Перевёрнутый мир - Сазанович Елена Ивановна (полная версия книги TXT) 📗
– Она что… То есть… Марианна Кирилловна – твоя бабушка?! – Это был настоящий шок для меня.
– Ну и что тут такого? У всех есть бабки. Я же не виновата, что моя оказалась именно Марианной.
Я сидел, обхватив голову руками. Очередное вранье. Даже для одного месяца многовато. Я медленно повернулся к Лиде. Наверное, у меня был устрашающий вид, потому что она испуганно вздрогнула.
– Но почему ты мне ничего не сказала? Я же не раз рассказывал тебе про Марианну Кирилловну. Почему? Я не понимаю. Ты только объясни – почему?
– Да потому!
Лида вновь вскочила, полотенце упало на пол. И вообще, по-моему, она выглядела совсем здоровой.
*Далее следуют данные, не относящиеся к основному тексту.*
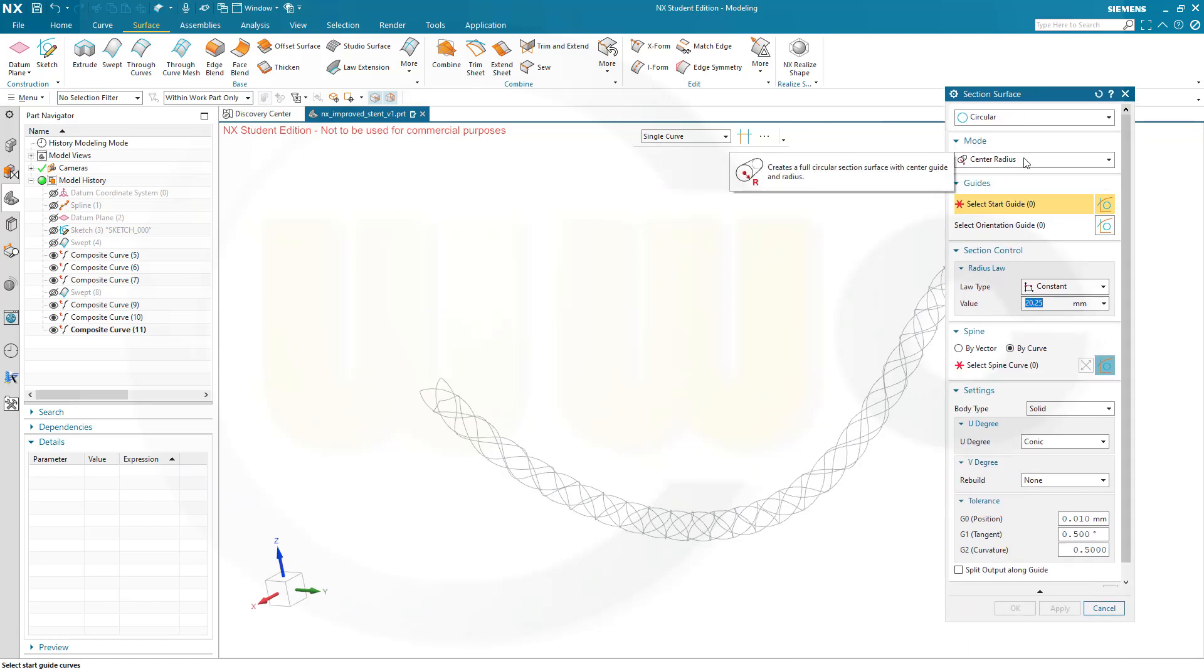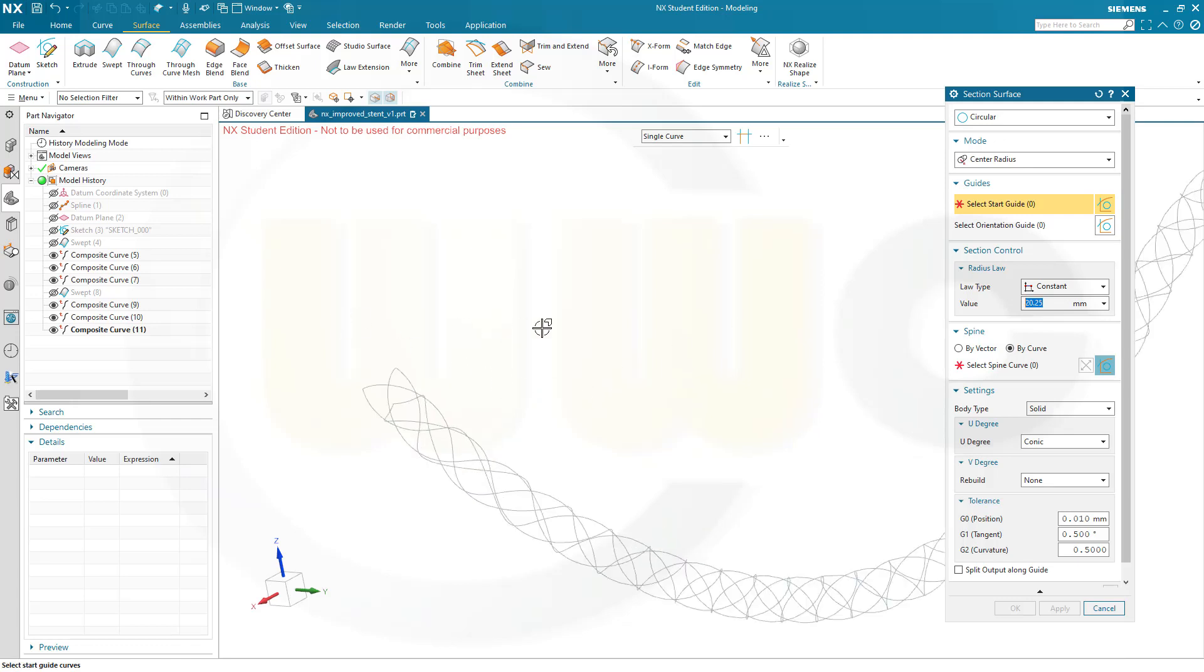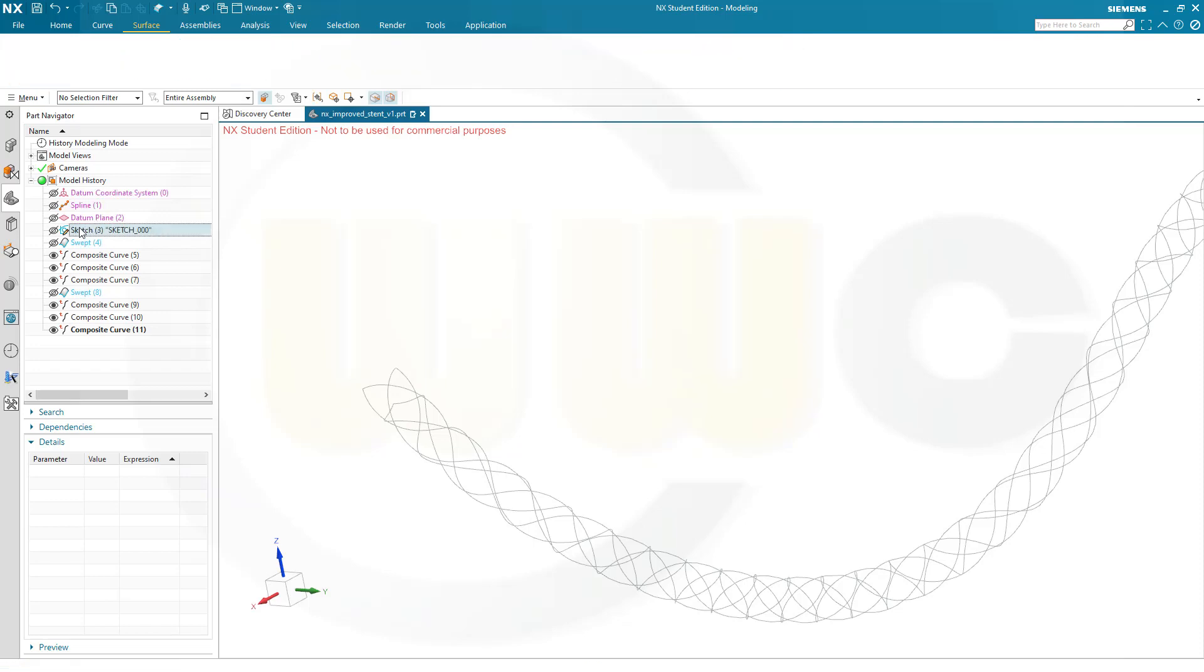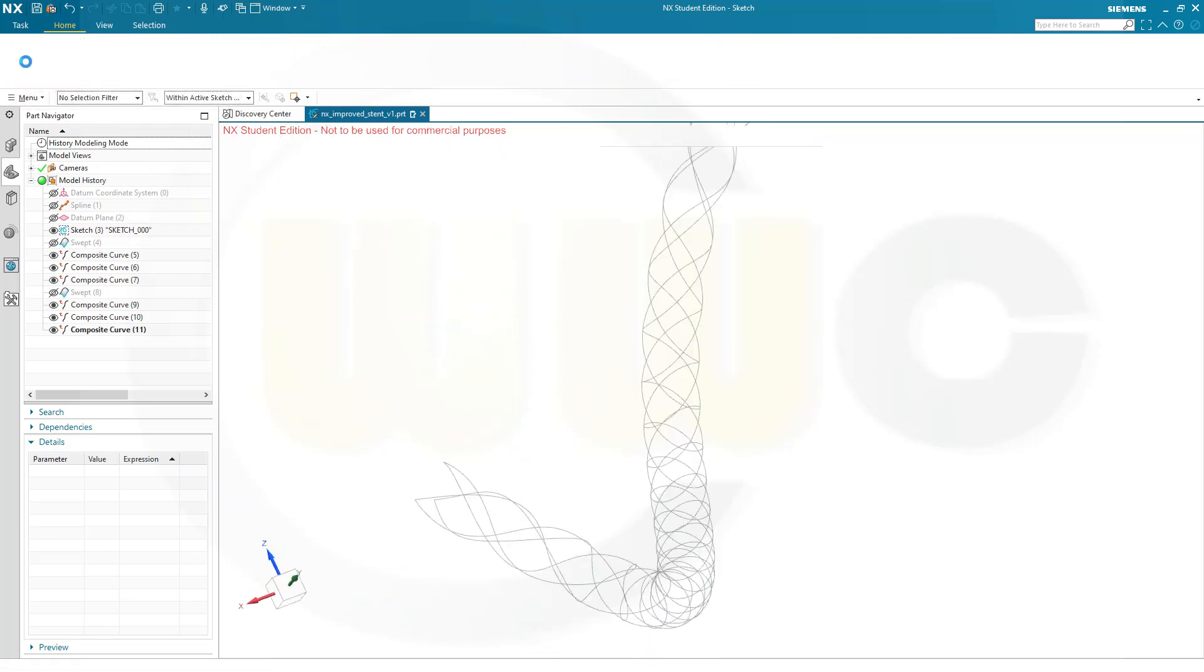And mode center radius. I want to use those composite curves as start guides and spine curves. And the radius of that law here should be—let's check it, let's go back to our triangle. That was 40 mm. So I want to go for, let's say, 2 mm or 1 mm. Okay.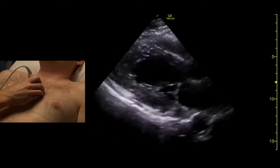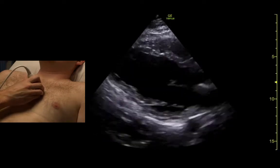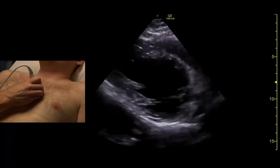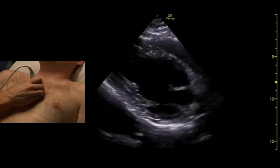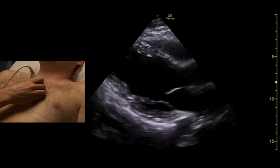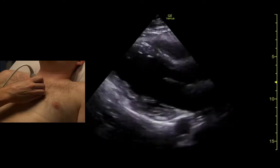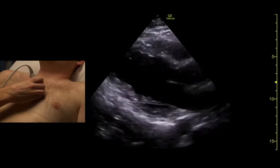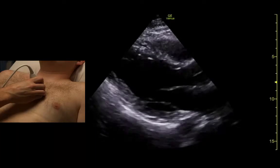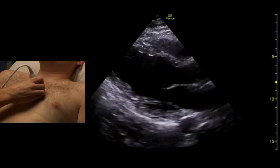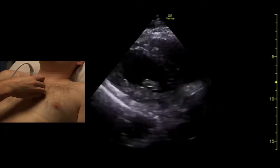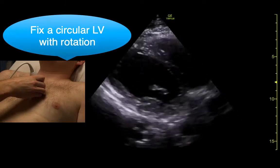A couple of mistakes people make sometimes is they're rotated too much, so the ventricle looks kind of like an egg or a partial circle. You want to see as much length as you can, and you want to see the full diameter of the aortic root and the mitral valve if you can. So if it looks kind of circular, it's off — try to fix it.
– Потому что пришлось бы рассказывать про нее, тебе же она так нравилась. Тратить время на пустые воспоминания и прочую чепуху… А я хотела, чтобы ты был только мой. Только мой и все! – Лида топнула в подтверждение своих слов ножкой.
– Странно, а костюмерша говорила, что она совсем одна. Одна на всем белом свете.
– Это ей захотелось быть совсем одной. Придумывать свой фантастический мир и жить в нем. Грезить о каком-то великом кино, которое мы якобы потеряли. А по-моему, потеряла только она. Я лично все приобрела. И кино, и настоящий мир. И меня он вполне устраивает.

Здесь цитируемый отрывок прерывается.